Meningitis Flashcards
Key symptoms:
headache, seizures, altered conscious state
classic triad—
headache, photophobia, neck stiffness
Others: malaise, vomiting, fever, drowsiness
Causes
Bacterial causes:
- Strep. pneumoniae
- H. influenza (esp. children)
- Neisseria meningitides (can take form of meningitis, septicaemia (meningococcaemia) or both)
Also—
- Listeria monocytogenes
- M. tuberculosis, Group B Strep
- Strep. agalactiae (esp. newborn)
- Staph spp, Gm–ve bacilli
- Treponema pallidum
Viral causes:
- enteroviruses (Coxsackie, echovirus, poliovirus)
- mumps
- HSV type 1, 2 or 6
- Varicella zoster
- EBV
- HIV
Fungi:
- cryptococcus
- Histoplasma capsilatum
Autoimmune encephalitis
Common age?
Basically a childhood infection (↑ risk 6–12 mths).
Infancy (clinical features)
Fever, pallor, vomiting ± altered conscious state
Lethargy
Increasing irritability with drowsiness
Refusal to feed, indifference to mother
Neck stiffness (not always present)
Cold extremities (a reliable sign)
May be bulging fontanelle
Children over 3 years, adolescents, adults
Meningeal irritation more obvious e.g.
- headache
- fever
- vomiting
- neck stiffness
Later:
- delirium
- altered conscious state
- ± Kernig sign
or
- Brudzinski sign (more reliable sign)
Antibiotics may mask symptoms.
Suspect meningitis if fever >3 days in reasonably well child on antibiotics.
Kernig / Brudzinski signs
(left) Kernig sign:
- pain in hamstrings on passive knee extension with hip flexed at 90°
- https://www.youtube.com/watch?v=rJ-5AFuP3YA
(right) Brudzinski sign
- passive neck flexion by examiner causes involuntary flexion of hip and knee
- https://www.youtube.com/watch?v=jO9PAPi-yus
Fulminating
Dramatic sudden-onset shock, purpura (does not blanch on pressure) ± coma
Usually due to;
- meningococcal septicaemia
- H. influenza type B
- Streptococcus pneumoniae
Septic shock may ensue without signs of meningitis.
Treatment (suspected meningitis)
First: oxygen + IV access and consult
Take blood for culture (within 30 minutes of assessment)
For child give bolus of 10–20 mL/kg of N saline with additional boluses up to 60 mL/kg if signs of hypoperfusion
Admit to hospital for lumbar puncture (preliminary CT scan to assess safety of LP in adults)
Dexamethasone 0.15 mg/kg up to 10 mg IV (shown to improve outcome)

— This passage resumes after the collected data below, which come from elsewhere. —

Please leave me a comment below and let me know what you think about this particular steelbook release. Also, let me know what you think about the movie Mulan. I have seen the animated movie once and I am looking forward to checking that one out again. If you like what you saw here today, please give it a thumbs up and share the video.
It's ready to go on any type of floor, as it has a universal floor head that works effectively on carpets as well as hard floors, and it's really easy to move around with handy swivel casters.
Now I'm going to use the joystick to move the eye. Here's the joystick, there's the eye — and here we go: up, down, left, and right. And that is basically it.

Start with antibiotic: antibiotics of proven value—ceftriaxone, cefotaxime, penicillin, meropenem
- Ceftriaxone 2 g (child: 50 mg/kg up to 2 g) IV statim then 12 hrly for 4 days
or
- Cefotaxime 2 g (child: 50 mg/kg up to 2 g) IV 6 hourly for 3–5 days
Treatment (meningococcaemia—all ages)
Rx is extremely urgent once suspected (e.g. petechial or purpuric rash on trunk and limbs).

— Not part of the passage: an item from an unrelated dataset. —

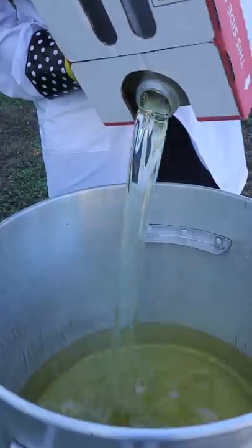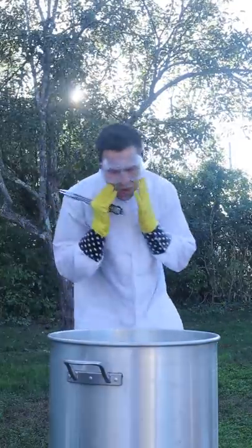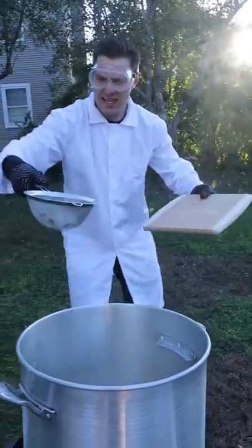Heat your oil until 350 and fry. Watch out for splattering oil as it can singe off a good beard. Pull once golden brown.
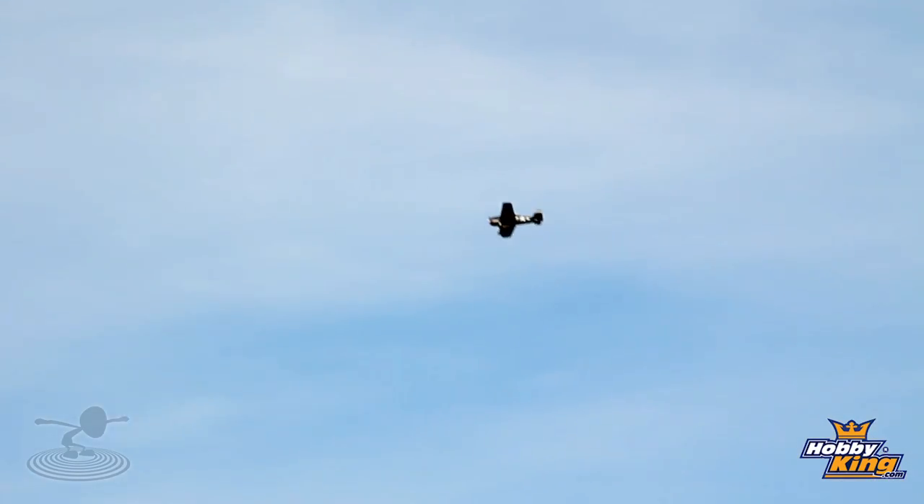So that looks a lot like the F4F Wildcat. You are absolutely right — it is an upgraded version to the F4F Wildcat. So you go from wild to hell. It's EPO, 4-channel. The Hellcat had a bigger motor, much more armament, self-sealing gas tanks. It actually had a higher kill ratio than its predecessors and even the P51 Mustang. So it's a really amazing piece of history.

It should be given before reaching hospital.
Empirical treatment:
benzylpenicillin 60 mg/kg IV (max. 2 g) statim (continue for 5 days)

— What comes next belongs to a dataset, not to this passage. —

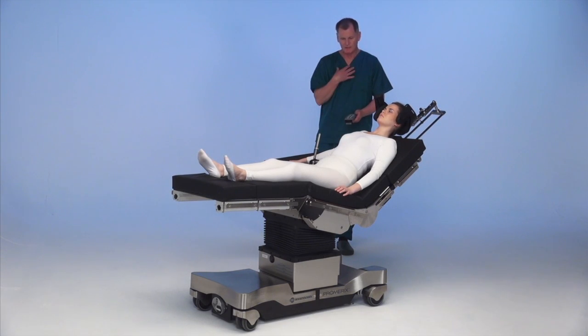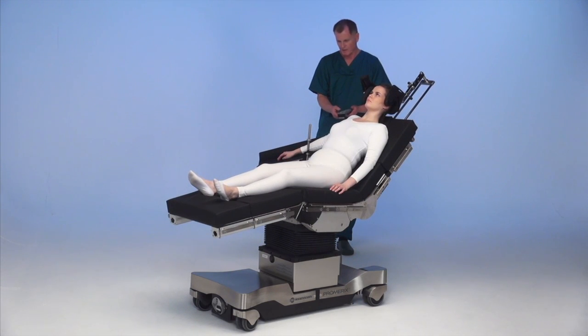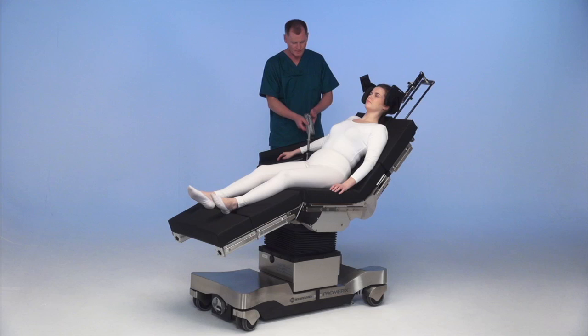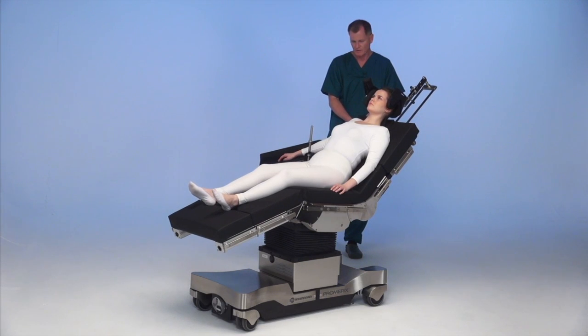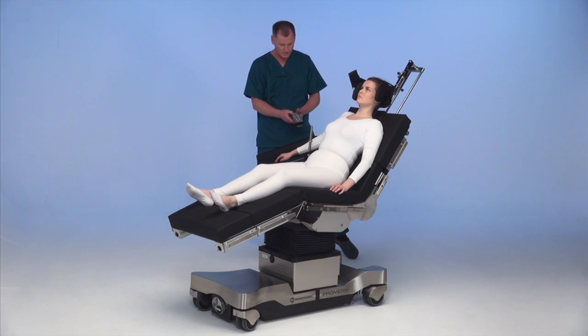For me personally, it's a little too much on the Trendelenburg. I'm going to reverse the Trendelenburg a little bit to get her shoulder up into a better position, then lower the leg plate down. I'm going to Trendelenburg her back a little more, then back up again. All right, so far so good — I like what I see.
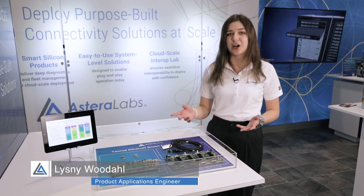Hi, my name is Lisnie Woodall and I'm a product applications engineer at Astera Labs. Here we're at DesignCon showcasing our data connectivity and memory connectivity products.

- if IV access not possible, give IM
or
- ceftriaxone IV or IM 2g (child > 1 mth 50mg/kg up to 2g) 12 hrly for 5 days
A simple plan with benzylpenicillin:
- infants <1 yr: 300 mg IV or IM
- 1–9 yrs: 600 mg
- >10 yrs: 1200 mg
Prevention
Meningococcal ACWY and B vaccines
Viral meningitis
Can mimic bacterial meningitis but milder and most cases self-limiting
Common causes: HHV 6 (cause of roseola infantum), enteroviruses, mumps
Lumbar puncture for diagnosis
Treatment is symptomatic—analgesics, rehydration, etc.